Recent wildfires in the U.S. but also in Greece, Algeria and Australia have only reinforced the notion that they are increasingly a cause for concern.
Indeed, wildfires are a concern for many Canadian workers – notably those working in agriculture and forestry. Other employees may be at risk too, such as tourist guides or those working in nearby shops.
And while the blaze itself is, of course, dangerous, so is poor air quality.
Said Hope McManus, Head of Health & Safety, Peninsula Canada:
“With prolonged exposure, poor air quality can cause short-term and long-term health effects […] Smoke from wildfires can travel great distances affecting the air quality of areas far from the fires themselves. If there are wildfires in the province, or near its border, it is important to have a plan in place to protect outdoor workers.”
Fire smoke contains hazardous components such as carbon monoxide, chemicals and fine particulate matter, says McManus.

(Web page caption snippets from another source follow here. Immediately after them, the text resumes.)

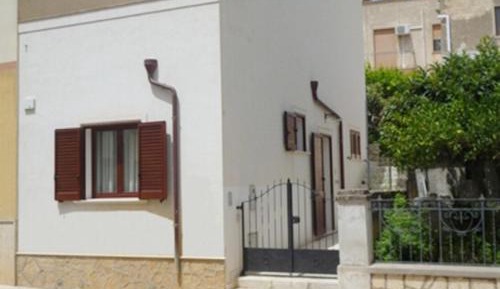 Two-Bedroom Apartment - Split Level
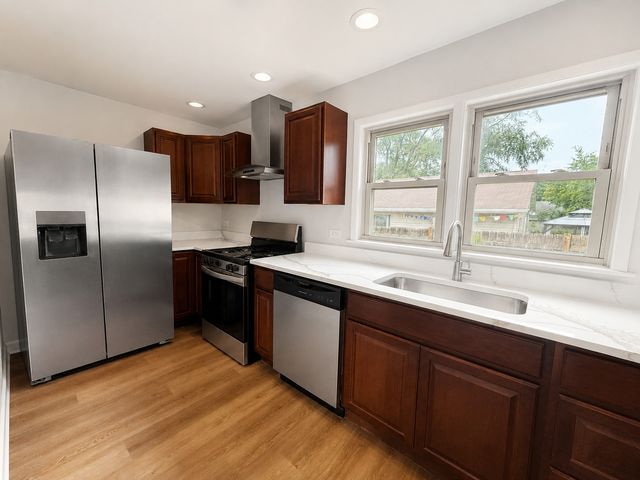 2130 Hawthorne Lane, Waukegan, IL 60087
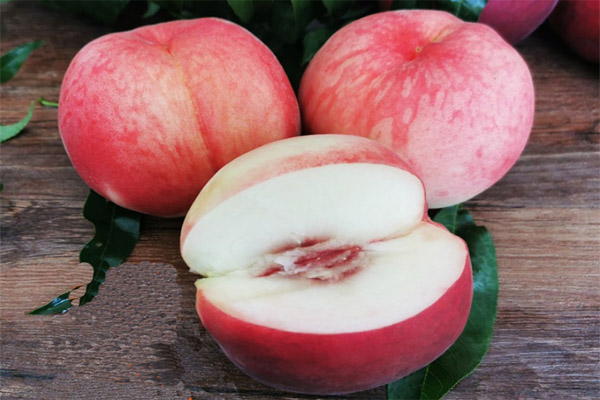 在標準光源條件下評定桃子果肉的顏色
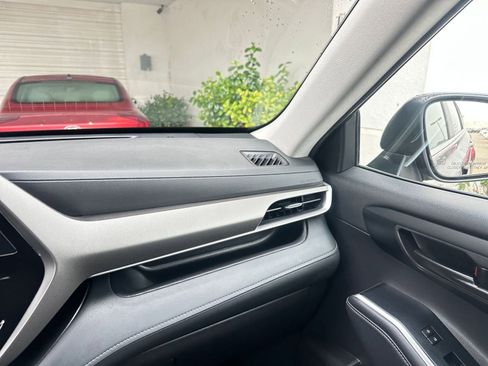 Used 2025 Toyota Highlander LE image 36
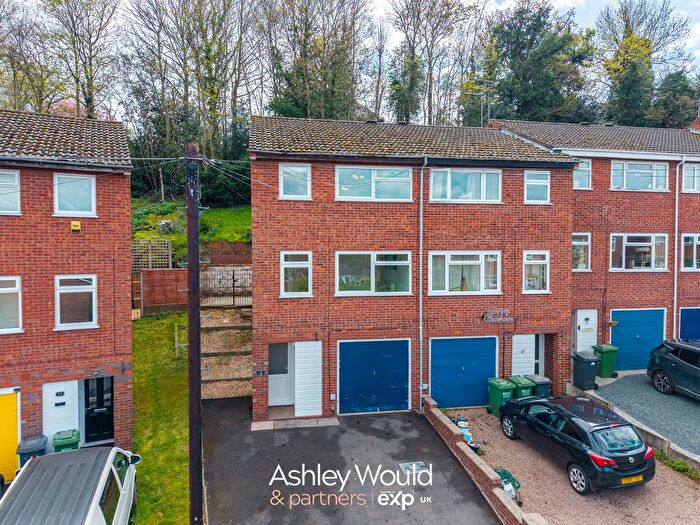 3 Bedroom End Terrace House For Sale In Brecknell Rise, Kidderminster, DY10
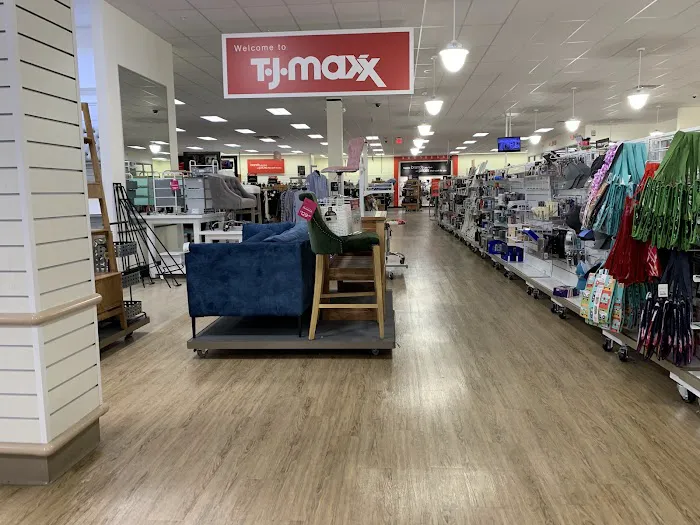 T.J. Maxx & HomeGoods 5
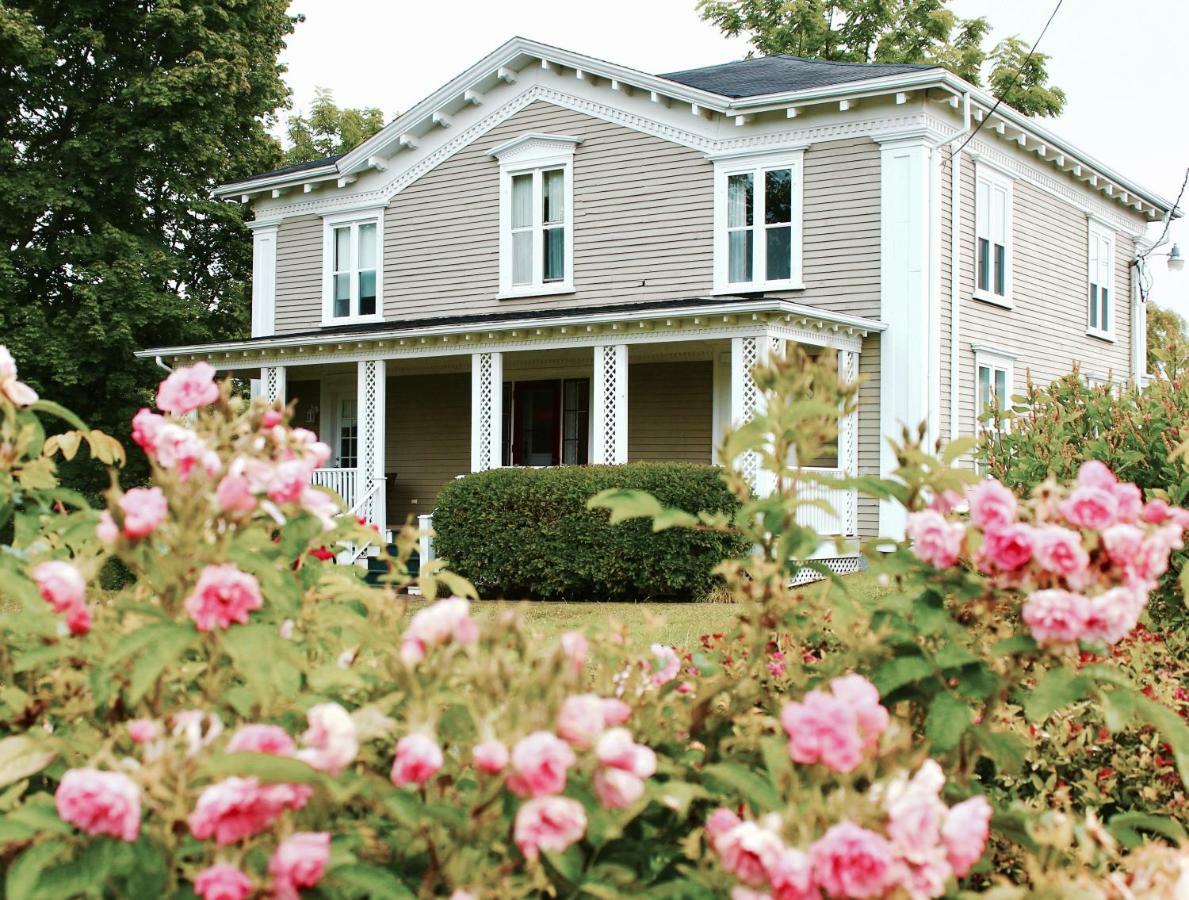 Evangeline Inn & Motel Grand pré Extérieur photo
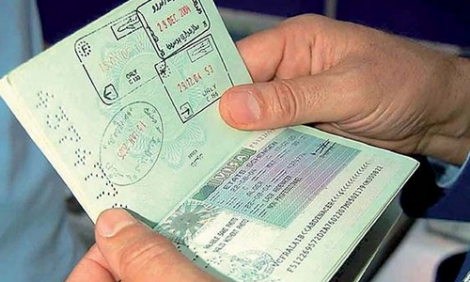 فرنسا تشدد شروط منح التأشيرات للمغاربة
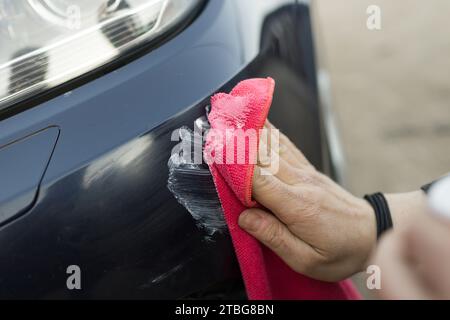 Pasta lucidante manuale per auto con panno in microfibra per la pulizia dei dettagli Valet vernice vernice per veicoli Foto Stock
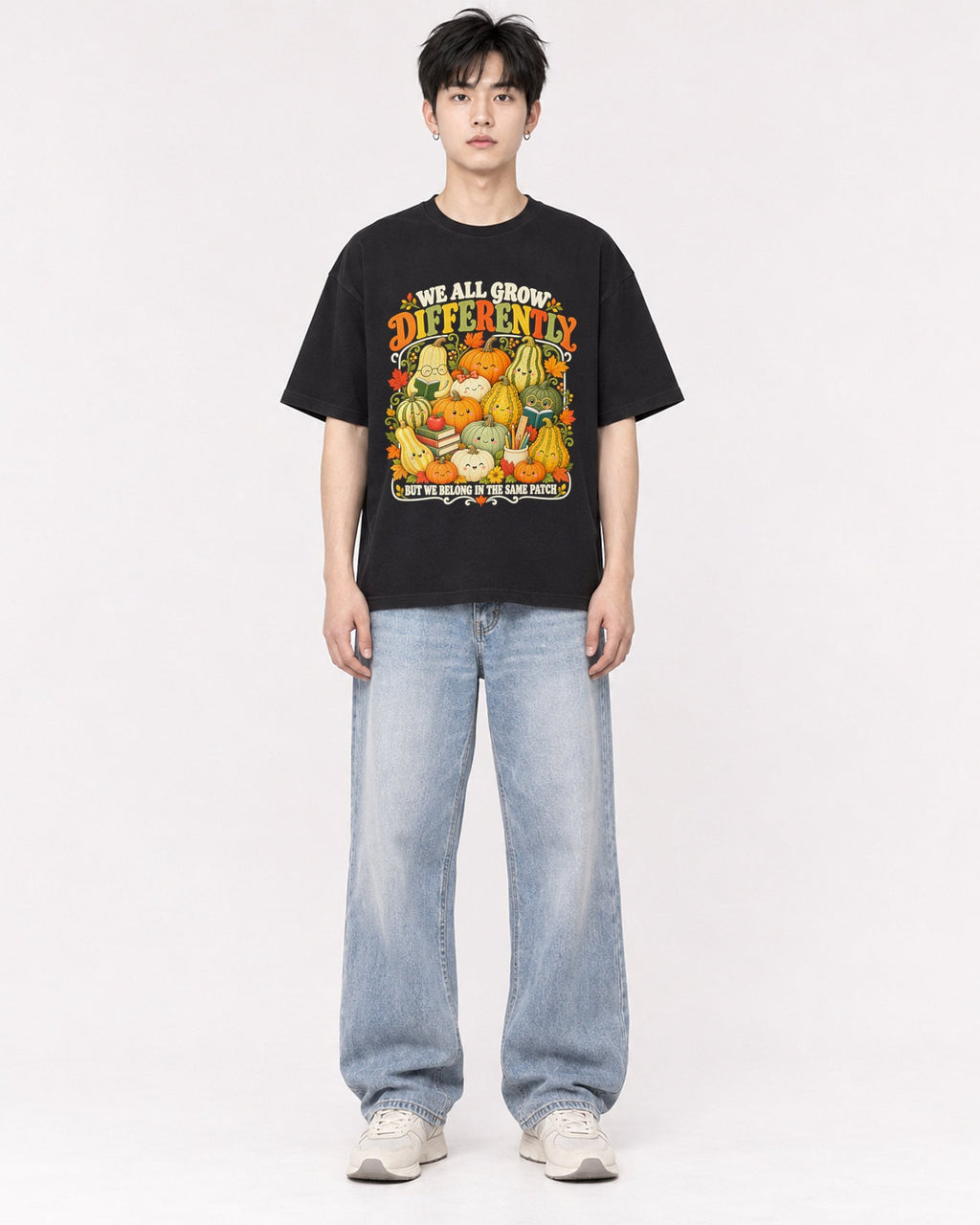 Mockup Boxy Heavyweight Tee Black male full-body 01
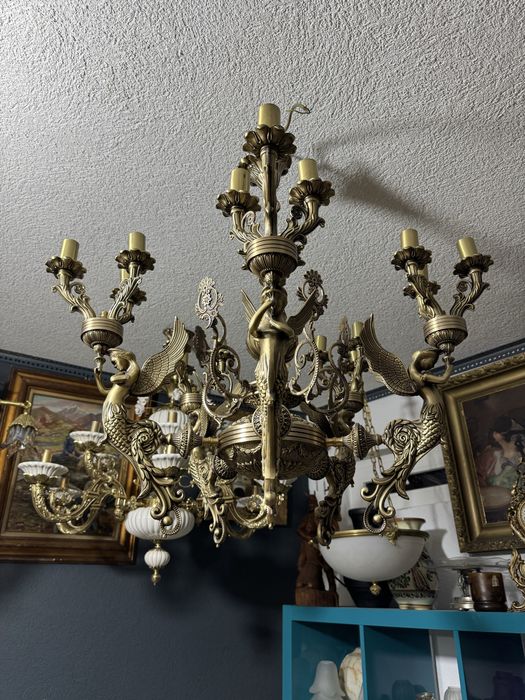 Candelabru- bronz masiv- nuanta nisipiu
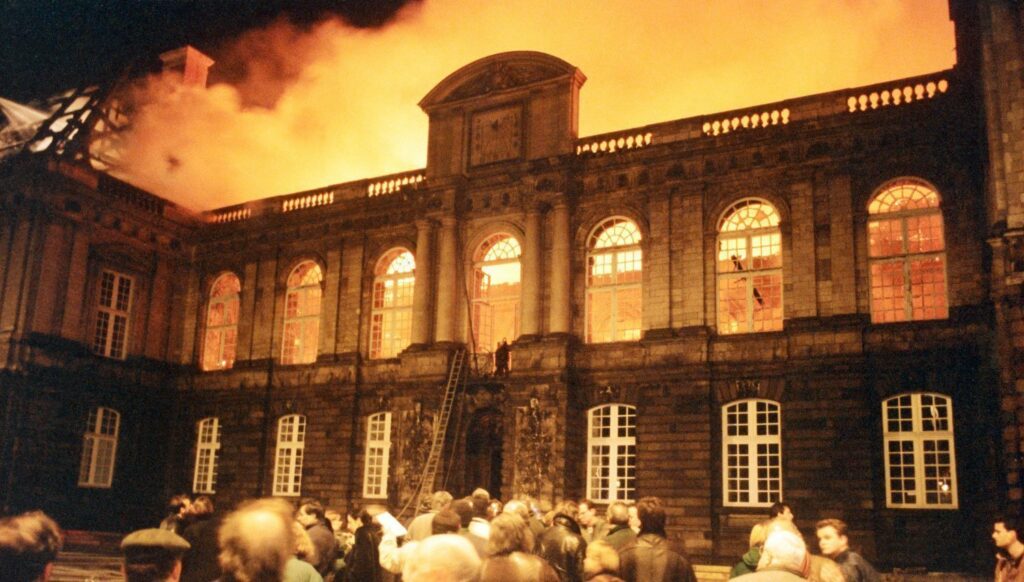 Incendie du parlement de Bretagne en 1994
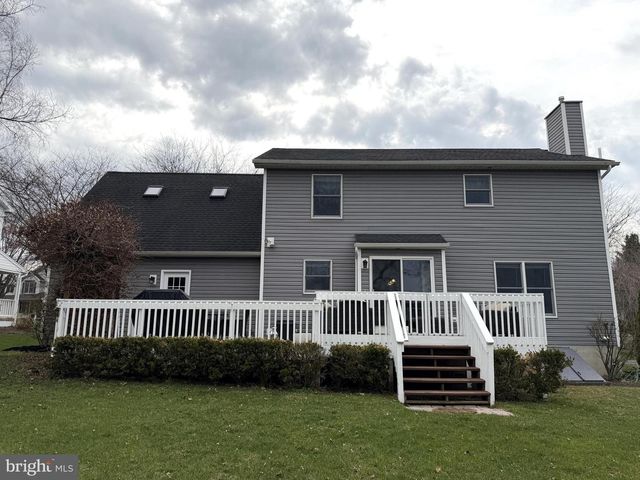 2357 AUTUMNWOOD DR, State College, PA 16801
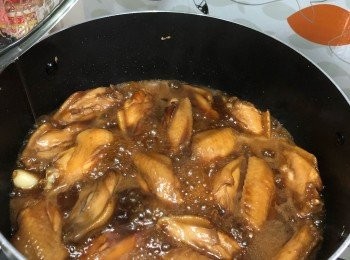 原本嘅半邊雞我改了做雞翼，都一樣好味?? #交功課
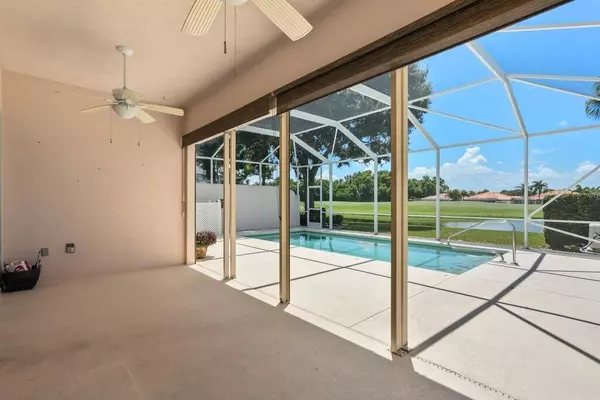 Hobe Sound, FL 33455,8232 SE Palm Hammock LN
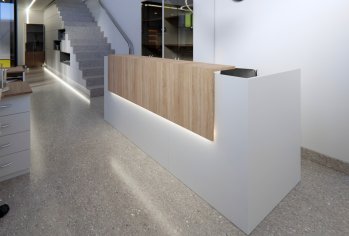 Стойки ресепшн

“When inhaled, smoke can cause nausea, dizziness, headaches, visual impairment and loss of consciousness. In extreme cases, carbon monoxide can even cause death. Outdoor workers with respiratory conditions, cardiovascular conditions or compromised immune systems are at an even greater risk,” she says.
For businesses and organizations at risk, an emergency preparedness plan is key to help manage the health and safety of workers. This can include an evacuation plan if necessary, ensuring that PPE stocks are full and making plans to halt or slow down work depending on air quality.